That's what my name is.
Speaker 1 (13:43):
And as far as that woman interviewing her, Caitlin Collins,
she didn't question her. She just nodded her head and
went right along with her ridiculous explanation. I'll tell you
who did rip her a new one. Sarah Gonzalez. I
don't know if y'all are familiar with her, but she
had a nice little video out I thought yesterday, getting
(14:05):
a little more I guess assertive in the Jasmine situation.
Speaker 2 (14:09):
Sarah Gonzawaz is a good friend of ours. I've been
on her show before.
Speaker 1 (14:12):
I never met the woman.
Speaker 2 (14:13):
Okay, she's been a friend of mine. I text with
her semi regularly. She works at the Blaze up and
I'm friends with her husband too. I think they're a
cool married couple. He's her producer. He produces her talk show,
kind of like Dana and Chris lash who I also
know up in the Metroplex. And anyway, her response was great.
And I'm only telling you all this extra information as
I scrambled to find the clip because I don't know
(14:35):
where it.
Speaker 1 (14:36):
Is and I would probably see it might need editing.
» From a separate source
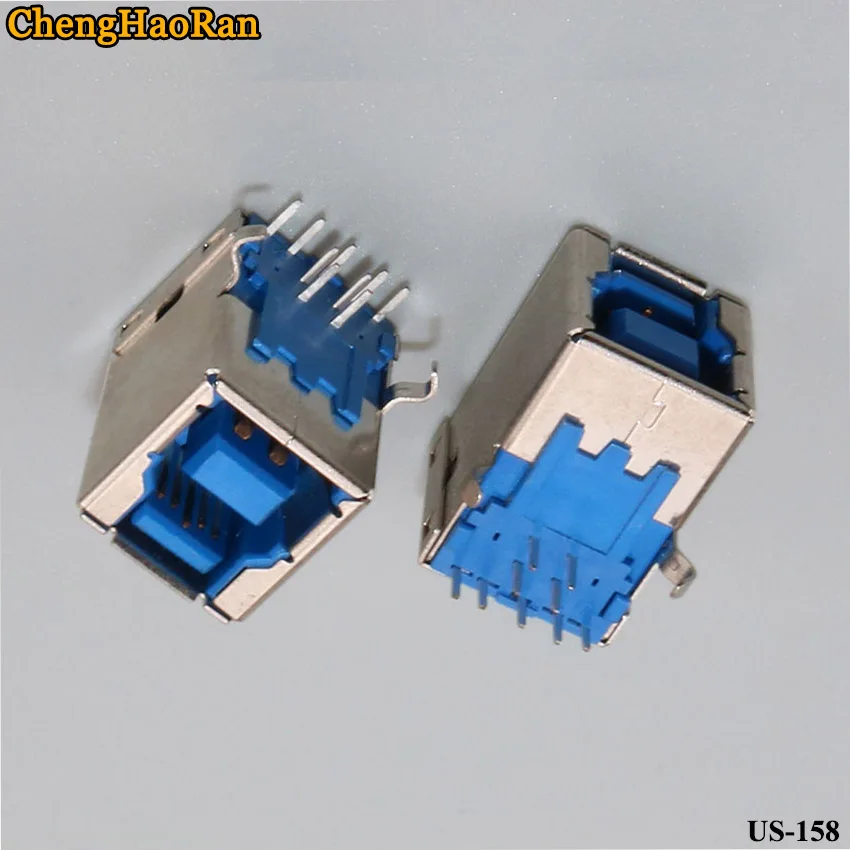 ChengHaoRan 2 uds plástico azul B hembra 3,0 interfaz de alta velocidad USB tipo B puerto 90 grados pin enchufe interfaz de impresora hembra - imagen 5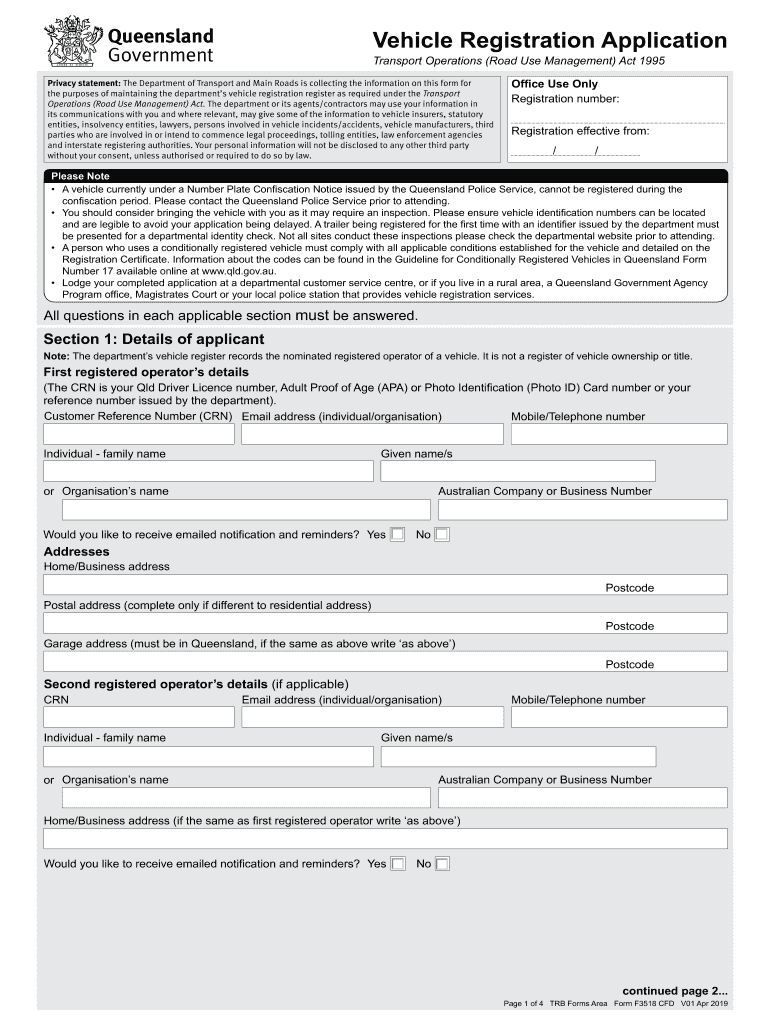  Privacy Statement the Department of Transport and Main Roads is Collecting the Information on This Form 2019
I don't know. You know, you know her better than
I do. Should curse a lot.
Speaker 3 (14:44):
I don't know if she's allowed to curse on me.
Speaker 1 (14:46):
She might be passionate. Sometimes people say words when they're
passionate that could get us in trouble.
Speaker 3 (14:51):
All right, well, I'll tell you what.
Speaker 2 (14:52):
We like Sarah a lot where we could call her
and have her explain it on the air if we
wanted to, you know, because I mean we know her
after all.
Speaker 1 (14:59):
Yeah, but you know we don't have time. We're just busy, busy, busy.
Speaker 3 (15:04):
Well, we have to remind everybody that I.
Speaker 1 (15:06):
Could just not do celebrity birthdays and squeeze her in
right there at the top of the hour. What do
you say.
Speaker 3 (15:09):
I'd be good with that.
Speaker 2 (15:10):
We could have her at the top of the hour,
and then we can remind everybody to come out to
Metaie tomorrow night for our comedy show at Cork Wine
and Martini Bar.
Speaker 1 (15:18):
Yeah, that'd be a good Saturday night for y'all.
Speaker 2 (15:20):
And then we wouldn't waste all that time telling everybody
about rich, famous people's birthdays. Who wouldn't care about us
if we told them our birthdays, you know, right?
Speaker 3 (15:27):
Yeah?
Speaker 2 (15:27):
And then who's for you know, world be a better place,
I think, right, mister Kenna.
Speaker 1 (15:33):
I'm gonna I'm gonna cogitate on that for a moment
if you don't mind.
Speaker 2 (15:36):
Are you changing colors right now? What are you a chameleon?
I never seen your turning red.
Speaker 1 (15:41):
I'm just I'm passionate about celebrity birthdays, is all. Yeah,
and I may start cursing. Okay, Well, we don't want that.